Multi-Generational Housing Typology
Location / Vancouver
Project Type / New Construction
Renderings / Plus Visual
The project started with a simple question: How do we design a house that will last a hundred years or more, and accommodate multiple generations of family members to grow up and grow old together?
Full House is a multi-generational housing typology developed in the city of Vancouver. While this particular project is a contextual response to the economic, social, and urban conditions of this specific place, urban centers across Canada are bearing witness to skyrocketing real estate prices across, and a general increase in the numbers of adult children living with their parents. In a city where the average selling price for a detached house is now over $1,800,000 (over $650,000 for condos, and over $850,000 for town-homes), multi-generational living is the only viable homeownership option for many families.

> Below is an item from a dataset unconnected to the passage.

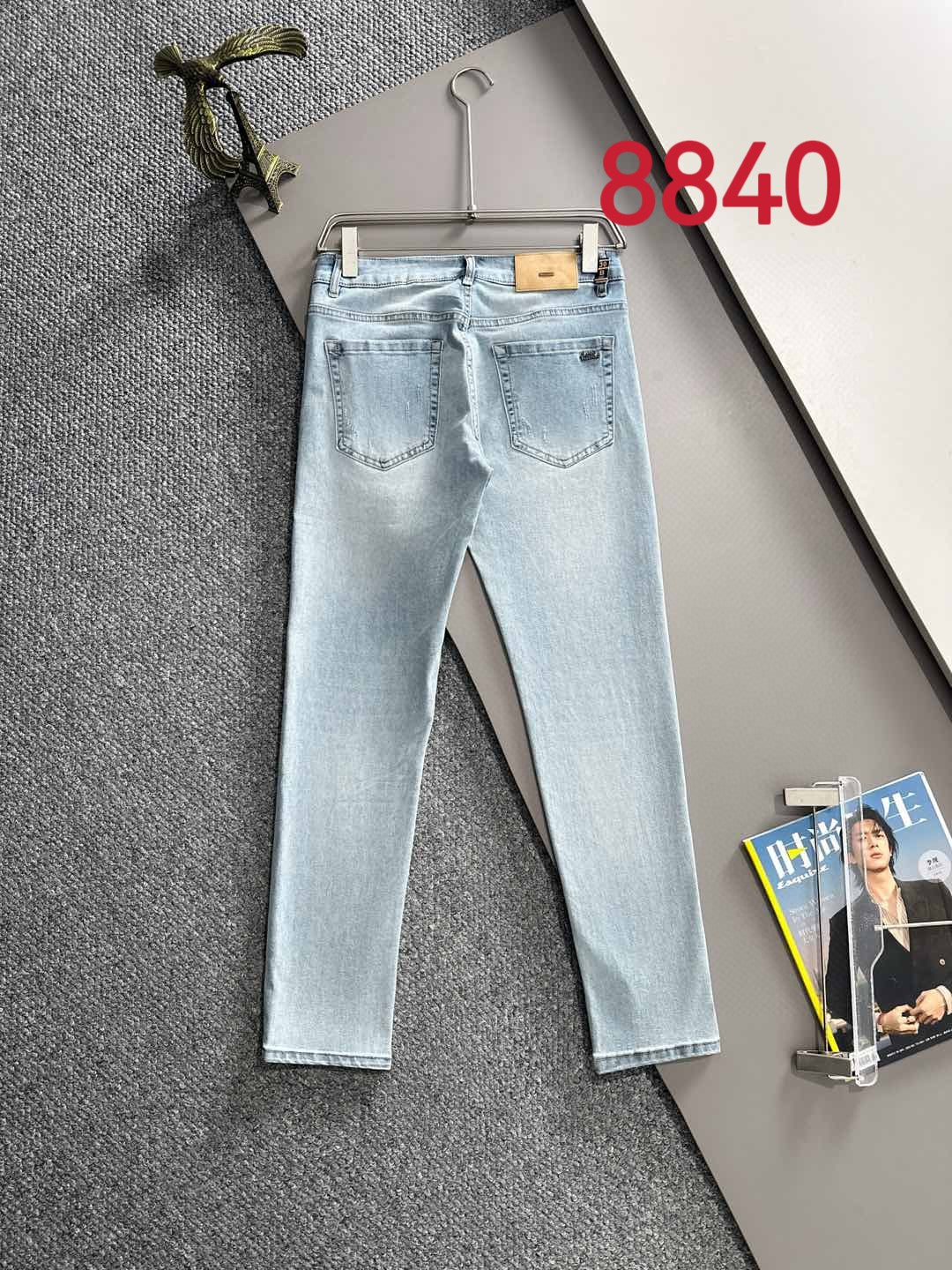 Louis Vuitton light blue denim jeans with front pockets and belt loops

Regardless of whether the situation is a result of choice or financial necessity, the benefits of multi-generational living are becoming widely recognized: financial support, mutual benefits for young and old through childcare, decreased physical and emotional isolation for aging grandparents, as well as emotional bonding and closeness across generations. The benefits of multi-generational living– emotional, physical, and financial – are experienced by all family members. Adult children living at home can save money while going to school or working; spending time with young children can bring purpose and meaning to the lives of older generations, while the demands of keeping up with kids – both physically and intellectually – helps grandparents stay active and feel younger; the benefits to grandchildren include empathy, learning care and respect for elders, as well as important social role-modelling.